▶ [Try it] Leave no line out. Transcribe the whole listing exactly.

▶ [Given data]
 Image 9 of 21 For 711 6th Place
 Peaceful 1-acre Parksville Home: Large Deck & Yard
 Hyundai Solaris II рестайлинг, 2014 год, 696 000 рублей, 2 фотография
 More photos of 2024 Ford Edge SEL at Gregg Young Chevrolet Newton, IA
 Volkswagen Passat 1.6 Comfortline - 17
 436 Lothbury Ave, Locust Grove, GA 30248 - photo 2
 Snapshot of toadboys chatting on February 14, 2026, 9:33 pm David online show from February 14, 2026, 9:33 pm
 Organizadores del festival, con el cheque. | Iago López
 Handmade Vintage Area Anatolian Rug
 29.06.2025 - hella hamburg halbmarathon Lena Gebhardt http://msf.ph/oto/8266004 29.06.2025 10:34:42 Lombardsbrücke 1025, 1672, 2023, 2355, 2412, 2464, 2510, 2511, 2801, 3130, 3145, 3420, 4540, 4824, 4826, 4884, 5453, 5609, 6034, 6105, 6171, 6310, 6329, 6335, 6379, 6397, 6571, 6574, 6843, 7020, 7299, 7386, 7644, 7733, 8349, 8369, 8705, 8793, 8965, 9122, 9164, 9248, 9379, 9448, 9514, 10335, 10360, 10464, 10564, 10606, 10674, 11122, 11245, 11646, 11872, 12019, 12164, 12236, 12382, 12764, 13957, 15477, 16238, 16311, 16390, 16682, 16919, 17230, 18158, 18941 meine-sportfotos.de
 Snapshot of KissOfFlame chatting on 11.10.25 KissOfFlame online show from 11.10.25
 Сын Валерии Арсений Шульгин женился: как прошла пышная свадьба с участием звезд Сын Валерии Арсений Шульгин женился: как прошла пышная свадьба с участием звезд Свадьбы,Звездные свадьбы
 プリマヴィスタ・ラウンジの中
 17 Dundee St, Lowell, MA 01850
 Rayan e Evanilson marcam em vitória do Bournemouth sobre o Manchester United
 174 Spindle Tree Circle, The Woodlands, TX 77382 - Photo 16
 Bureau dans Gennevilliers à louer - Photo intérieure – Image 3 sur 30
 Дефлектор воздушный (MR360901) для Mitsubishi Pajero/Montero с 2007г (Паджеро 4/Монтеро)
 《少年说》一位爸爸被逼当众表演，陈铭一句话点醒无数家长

▶ [Output for this exercise]
 Image 9 of 21 For 711 6th Place
 Peaceful 1-acre Parksville Home: Large Deck & Yard
 Hyundai Solaris II рестайлинг, 2014 год, 696 000 рублей, 2 фотография
 More photos of 2024 Ford Edge SEL at Gregg Young Chevrolet Newton, IA
 Volkswagen Passat 1.6 Comfortline - 17
 436 Lothbury Ave, Locust Grove, GA 30248 - photo 2
 Snapshot of toadboys chatting on February 14, 2026, 9:33 pm David online show from February 14, 2026, 9:33 pm
 Organizadores del festival, con el cheque. | Iago López
 Handmade Vintage Area Anatolian Rug
 29.06.2025 - hella hamburg halbmarathon Lena Gebhardt http://msf.ph/oto/8266004 29.06.2025 10:34:42 Lombardsbrücke 1025, 1672, 2023, 2355, 2412, 2464, 2510, 2511, 2801, 3130, 3145, 3420, 4540, 4824, 4826, 4884, 5453, 5609, 6034, 6105, 6171, 6310, 6329, 6335, 6379, 6397, 6571, 6574, 6843, 7020, 7299, 7386, 7644, 7733, 8349, 8369, 8705, 8793, 8965, 9122, 9164, 9248, 9379, 9448, 9514, 10335, 10360, 10464, 10564, 10606, 10674, 11122, 11245, 11646, 11872, 12019, 12164, 12236, 12382, 12764, 13957, 15477, 16238, 16311, 16390, 16682, 16919, 17230, 18158, 18941 meine-sportfotos.de
 Snapshot of KissOfFlame chatting on 11.10.25 KissOfFlame online show from 11.10.25
 Сын Валерии Арсений Шульгин женился: как прошла пышная свадьба с участием звезд Сын Валерии Арсений Шульгин женился: как прошла пышная свадьба с участием звезд Свадьбы,Звездные свадьбы
 プリマヴィスタ・ラウンジの中
 17 Dundee St, Lowell, MA 01850
 Rayan e Evanilson marcam em vitória do Bournemouth sobre o Manchester United
 174 Spindle Tree Circle, The Woodlands, TX 77382 - Photo 16
 Bureau dans Gennevilliers à louer - Photo intérieure – Image 3 sur 30
 Дефлектор воздушный (MR360901) для Mitsubishi Pajero/Montero с 2007г (Паджеро 4/Монтеро)
 《少年说》一位爸爸被逼当众表演，陈铭一句话点醒无数家长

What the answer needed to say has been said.